The Sun Hangs Highest in the Sky

As the year progresses, the subtle changes of the seasons mark the many “gateless gates” we pass through. While often too minute to notice from day-to-day, nature offers us clues. In Fall, the world becomes radiant in the final brilliant colors of trees and grasses. In Winter, colors mute, the soil hardens, the air becomes crisp, the plum blossom blooms. Spring marks the slow reemergence of life from its frozen dormancy. And in Summer, the world is fully awake, bursting with life.

As the sun hangs highest overhead today, marking the Summer solstice in the Northern Hemisphere, I find myself sitting in my tearoom, enjoying the vibrancy of the day outside. This activity is also felt internally, as I feel full of energy and excitement, having just received a collection of tea samples from a tea farmer based in Wuyishan, China.

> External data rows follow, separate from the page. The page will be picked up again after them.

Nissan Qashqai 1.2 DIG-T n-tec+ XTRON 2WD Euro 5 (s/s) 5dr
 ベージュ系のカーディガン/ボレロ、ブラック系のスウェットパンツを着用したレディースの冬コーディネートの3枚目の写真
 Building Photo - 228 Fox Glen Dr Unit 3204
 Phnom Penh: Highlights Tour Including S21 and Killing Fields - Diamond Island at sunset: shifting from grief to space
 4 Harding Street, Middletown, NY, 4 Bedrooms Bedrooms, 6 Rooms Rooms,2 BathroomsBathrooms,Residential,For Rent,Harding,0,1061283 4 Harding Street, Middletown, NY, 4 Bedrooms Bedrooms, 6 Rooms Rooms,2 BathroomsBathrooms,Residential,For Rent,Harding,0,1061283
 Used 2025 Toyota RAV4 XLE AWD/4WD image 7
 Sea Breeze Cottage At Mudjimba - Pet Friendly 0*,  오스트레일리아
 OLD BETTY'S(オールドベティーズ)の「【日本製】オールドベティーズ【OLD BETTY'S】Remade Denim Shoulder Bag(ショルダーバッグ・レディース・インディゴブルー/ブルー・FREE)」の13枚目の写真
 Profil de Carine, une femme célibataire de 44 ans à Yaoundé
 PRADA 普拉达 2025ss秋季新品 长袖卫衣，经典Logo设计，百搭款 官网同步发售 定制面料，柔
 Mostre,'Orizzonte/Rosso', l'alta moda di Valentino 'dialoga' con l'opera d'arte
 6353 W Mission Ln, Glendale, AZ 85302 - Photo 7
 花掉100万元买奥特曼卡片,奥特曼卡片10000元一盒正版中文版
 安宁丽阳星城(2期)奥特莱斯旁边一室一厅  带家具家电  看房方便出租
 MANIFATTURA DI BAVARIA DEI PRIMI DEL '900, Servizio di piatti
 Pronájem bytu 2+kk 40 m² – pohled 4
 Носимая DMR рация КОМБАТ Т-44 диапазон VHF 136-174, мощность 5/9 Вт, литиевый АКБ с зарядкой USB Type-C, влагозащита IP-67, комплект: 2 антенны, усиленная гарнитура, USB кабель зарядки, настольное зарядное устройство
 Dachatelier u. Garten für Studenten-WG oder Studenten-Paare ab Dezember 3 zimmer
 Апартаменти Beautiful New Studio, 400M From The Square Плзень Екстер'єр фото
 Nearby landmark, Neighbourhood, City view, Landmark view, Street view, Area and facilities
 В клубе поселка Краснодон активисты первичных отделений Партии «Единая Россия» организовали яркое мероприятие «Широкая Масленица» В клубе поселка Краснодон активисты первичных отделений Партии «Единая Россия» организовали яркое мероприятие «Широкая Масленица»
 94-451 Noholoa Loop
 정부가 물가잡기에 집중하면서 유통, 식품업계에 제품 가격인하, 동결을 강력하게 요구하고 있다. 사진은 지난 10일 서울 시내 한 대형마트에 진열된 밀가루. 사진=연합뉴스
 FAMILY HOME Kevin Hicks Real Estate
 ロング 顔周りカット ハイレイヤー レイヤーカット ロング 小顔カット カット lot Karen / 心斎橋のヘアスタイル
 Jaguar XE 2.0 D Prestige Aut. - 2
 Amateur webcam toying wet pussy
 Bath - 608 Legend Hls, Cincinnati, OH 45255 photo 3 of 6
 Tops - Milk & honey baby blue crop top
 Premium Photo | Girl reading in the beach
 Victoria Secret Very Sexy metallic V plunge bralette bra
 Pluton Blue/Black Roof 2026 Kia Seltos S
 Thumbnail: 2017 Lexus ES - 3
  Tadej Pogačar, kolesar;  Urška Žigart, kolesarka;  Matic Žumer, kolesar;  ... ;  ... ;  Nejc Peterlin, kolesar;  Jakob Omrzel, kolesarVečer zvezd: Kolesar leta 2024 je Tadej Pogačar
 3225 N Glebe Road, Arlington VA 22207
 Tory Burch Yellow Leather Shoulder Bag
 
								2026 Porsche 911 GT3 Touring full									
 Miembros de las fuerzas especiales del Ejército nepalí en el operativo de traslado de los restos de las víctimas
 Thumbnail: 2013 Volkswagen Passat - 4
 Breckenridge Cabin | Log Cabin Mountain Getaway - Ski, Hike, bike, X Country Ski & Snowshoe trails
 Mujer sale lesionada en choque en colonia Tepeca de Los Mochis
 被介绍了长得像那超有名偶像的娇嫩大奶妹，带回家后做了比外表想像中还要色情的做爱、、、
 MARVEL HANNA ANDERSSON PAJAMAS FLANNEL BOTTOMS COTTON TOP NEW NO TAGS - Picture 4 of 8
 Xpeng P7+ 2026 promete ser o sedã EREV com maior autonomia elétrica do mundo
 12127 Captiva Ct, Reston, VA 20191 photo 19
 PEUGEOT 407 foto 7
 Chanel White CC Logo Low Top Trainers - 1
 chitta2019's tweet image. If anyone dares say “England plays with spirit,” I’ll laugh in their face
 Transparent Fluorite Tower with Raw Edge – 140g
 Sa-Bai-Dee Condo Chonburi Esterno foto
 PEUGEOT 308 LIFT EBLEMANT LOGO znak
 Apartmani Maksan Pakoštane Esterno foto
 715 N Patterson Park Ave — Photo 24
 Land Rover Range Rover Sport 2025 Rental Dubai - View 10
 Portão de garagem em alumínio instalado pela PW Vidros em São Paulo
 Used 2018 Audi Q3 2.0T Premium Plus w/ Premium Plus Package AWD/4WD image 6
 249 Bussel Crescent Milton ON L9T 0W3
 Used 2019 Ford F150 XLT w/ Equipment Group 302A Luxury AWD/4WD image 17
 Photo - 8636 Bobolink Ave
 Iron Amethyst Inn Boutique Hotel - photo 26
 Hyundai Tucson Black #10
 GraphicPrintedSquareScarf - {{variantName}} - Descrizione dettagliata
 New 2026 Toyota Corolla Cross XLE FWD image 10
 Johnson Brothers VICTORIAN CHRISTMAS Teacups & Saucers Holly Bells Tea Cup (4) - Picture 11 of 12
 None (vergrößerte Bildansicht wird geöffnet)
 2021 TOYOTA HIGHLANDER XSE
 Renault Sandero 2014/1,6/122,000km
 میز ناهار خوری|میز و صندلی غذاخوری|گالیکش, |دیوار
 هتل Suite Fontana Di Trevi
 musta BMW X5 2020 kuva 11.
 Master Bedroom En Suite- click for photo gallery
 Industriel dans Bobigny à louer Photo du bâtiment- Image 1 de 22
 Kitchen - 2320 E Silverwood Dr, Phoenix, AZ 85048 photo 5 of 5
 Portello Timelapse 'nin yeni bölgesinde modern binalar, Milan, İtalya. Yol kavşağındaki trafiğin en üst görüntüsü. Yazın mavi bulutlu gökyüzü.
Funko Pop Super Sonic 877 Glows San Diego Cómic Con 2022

The small, individually-wrapped packets, each contain a different tea, a veritable treasure trove of flavors, each expressing the slight effects the shifting of one season to the next has on the tea plant.

Today, celebrating the solstice, I opt for a coppery 肉桂 Ròuguì, the name of which literally translates to “cinnamon”. While I will be brewing the tea hot, the effects of drinking it at the peak of Summer will be slightly cooling.

This desire to evoke a sense of “coolness” is revealed in my choice of teaware. An antique porcelain 宝瓶 hōhin (handless teapot) with a touch of 金継ぎ kintsugi (gold lacquer repair). To measure-out the tea leaves, I select an antique 白铜 báitóng (“white copper”) scoop in the shape of a banana leaf. To serve, I select a set of four blue-and-white cups from 景德镇 Jǐngdézhèn, each of which containing a vista reflective of a season. Spring and Summer.

Fall and Winter.

Warming each ceramic vessel, the water brings out their clean, porcelain sheen.

Placing the tea leaves atop the báitóng leaf, I admire their uniformity and the rich color they contain.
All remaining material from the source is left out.